Une industrie sous-exploitée
L’un des principaux constats dressés par Ibrahim Debache est que la Tunisie doit passer d’un modèle "low cost" à un modèle "best cost". « Il faut mettre en avant l’innovation et le savoir-faire tunisien en matière de recherche et développement », affirme-t-il. Cela implique un investissement accru dans la modernisation des infrastructures et dans la formation des talents locaux.
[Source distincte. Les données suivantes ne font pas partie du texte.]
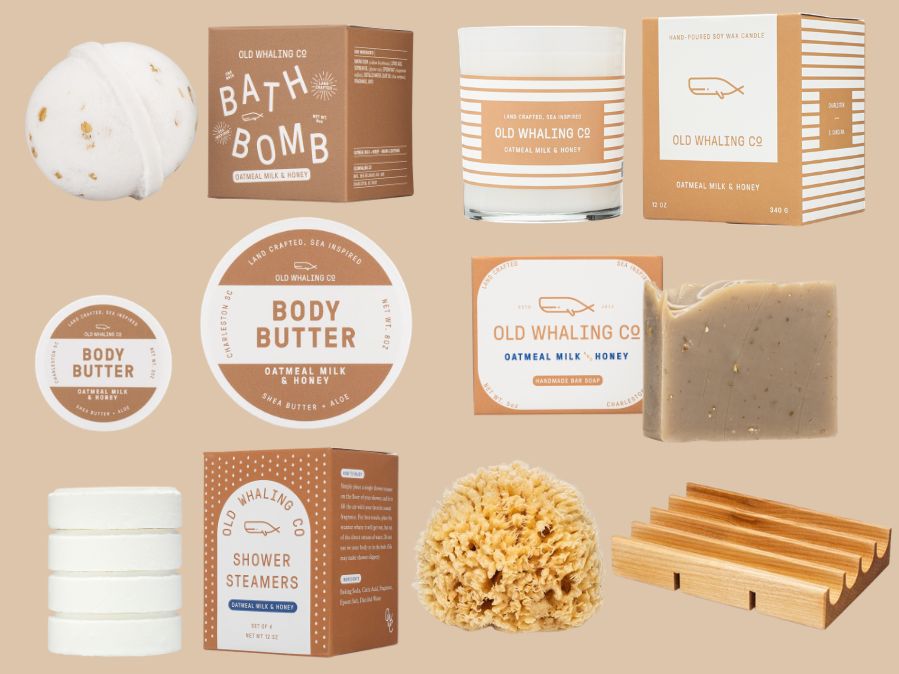 Deluxe collection of Old Whaling Co  Oatmeal Milk & Honey skincare and bath products on a beige background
Une pénurie de véhicules préoccupante
Le marché automobile tunisien est marqué par une pénurie croissante de véhicules, impactant directement les consommateurs et les entreprises. « Aujourd’hui, plus de 50 % du parc automobile a plus de 15 ans, ce qui pose des problèmes de sécurité et de consommation énergétique », alerte Debache. Ce vieillissement du parc entraîne également une augmentation des importations de pièces de rechange usées, avec des conséquences environnementales et sécuritaires inquiétantes.
Une demande insatisfaite
Selon les estimations du secteur, la demande annuelle en véhicules neufs s’élève à 80 000 unités, mais l’offre ne suit pas. « Nous avons un déficit important qui pousse les consommateurs vers des solutions alternatives, souvent au détriment de la qualité et de la sécurité », souligne Debache. Cette situation résulte en partie de réglementations restrictives et d’un manque de visibilité sur les politiques d’importation.
Un secteur fiscalement asphyxié
Les concessionnaires automobiles font face à une pression fiscale excessive. « Nous sommes parmi les secteurs les plus taxés avec un impôt sur les sociétés de 35 %, ce qui freine notre développement », regrette Debache. Cette fiscalité lourde impacte la compétitivité du marché et limite la capacité des entreprises à investir et à se développer.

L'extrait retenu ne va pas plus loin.